Italy and Scotland aren’t countries you’d necessarily associate with outer space, but both have signed agreements that will see space-faring vehicles launch from within their borders in the future.
In July, Virgin Galactic announced a deal with Italy’s two largest aerospace companies to launch paying passengers into space from the country’s soon-to-be-built Grottaglie Spaceport. Altec, a company owned by the Italian Space Agency, and Sitael, the largest private space company in the country, have signed deals with Virgin Galactic. They will work with Sir Richard Branson’s US-based spaceflight company to figure out how the port, located in southern Italy, will operate.
“From the Renaissance to modern space science, Italy has always been a natural home to great innovators and breakthrough ideas which have shaped the human experience,” Branson said in a statement. “I believe Italy’s vision which has led to this collaboration with our Virgin space companies, will provide a real impetus as we strive to open space for the benefit of life on Earth. This partnership could see Virgin Galactic launch the first person in history into space from Italian soil—and in fact from any European territory.”

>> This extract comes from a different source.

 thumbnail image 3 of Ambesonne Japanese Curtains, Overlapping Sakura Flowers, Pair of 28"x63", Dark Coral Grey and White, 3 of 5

Also in July, the UK announced its first spaceport will be located in Sutherland, on the north coast of Scotland. The UK Space Agency will invest £2.5 million ($3.3 million) into the site, and the first rocket launches are planned for the early 2020s. The spaceport will aim to profit from the increasingly large market for small satellite launches.

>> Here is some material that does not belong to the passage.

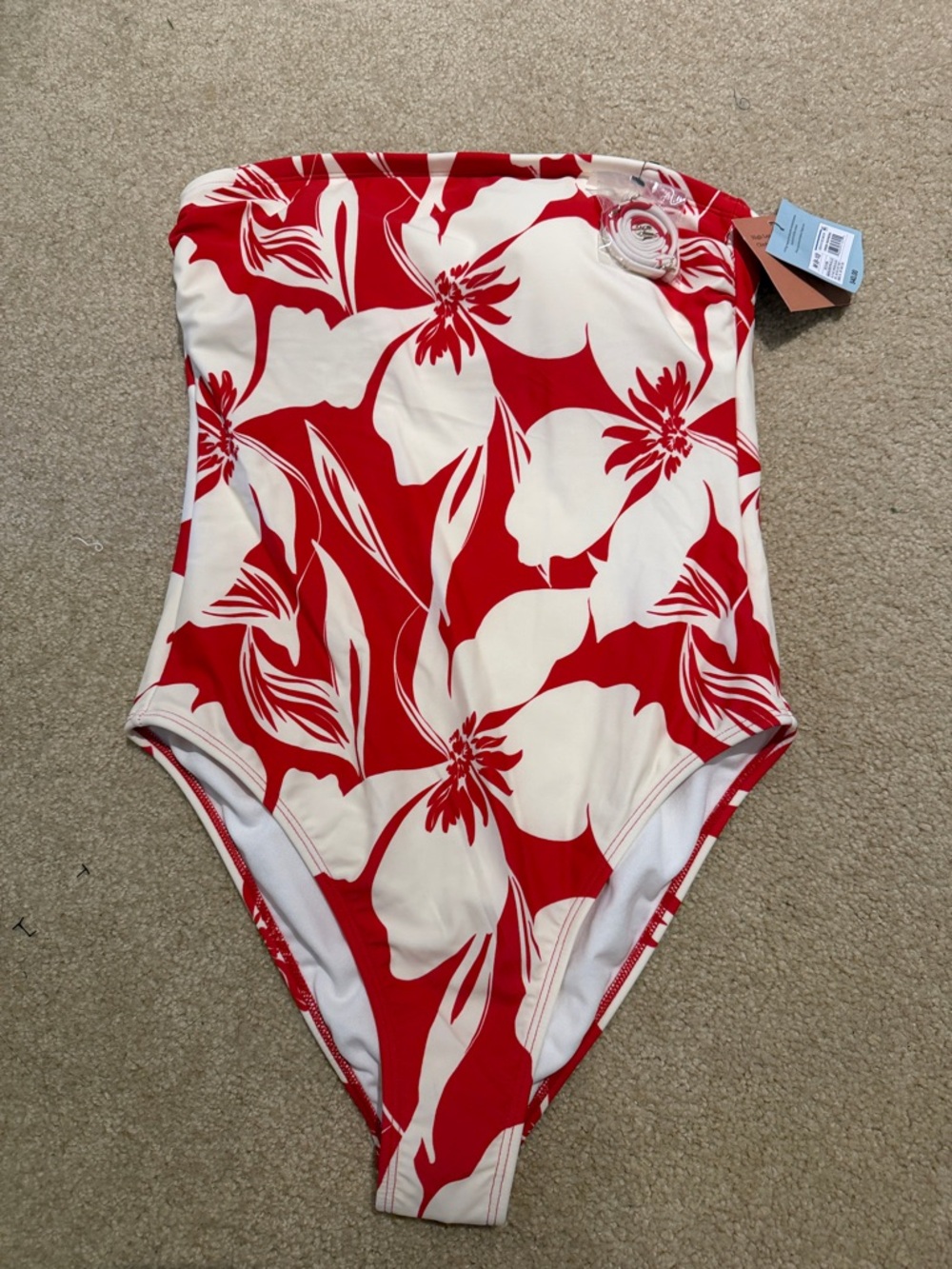 Shade & Shore Red and Cream Floral One-Piece Swimsuit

The UK government has claimed the spaceflight market could boost the country’s economy by £3.8 billion ($5 billion) over the next decade, and is planning to build a “horizontal” spaceport elsewhere in the UK, along with the vertical port in Sutherland. Horizontal spaceports use modified commercial airplanes to carry satellites to a certain height before releasing them into orbit.
“As a nation of innovators and entrepreneurs, we want Britain to be the first place in mainland Europe to launch satellites as part of our Industrial Strategy,” UK Business Secretary Greg Clark said. “The UK’s thriving space industry, research community, and aerospace supply chain put the UK in a leading position to develop both vertical and horizontal launch sites.”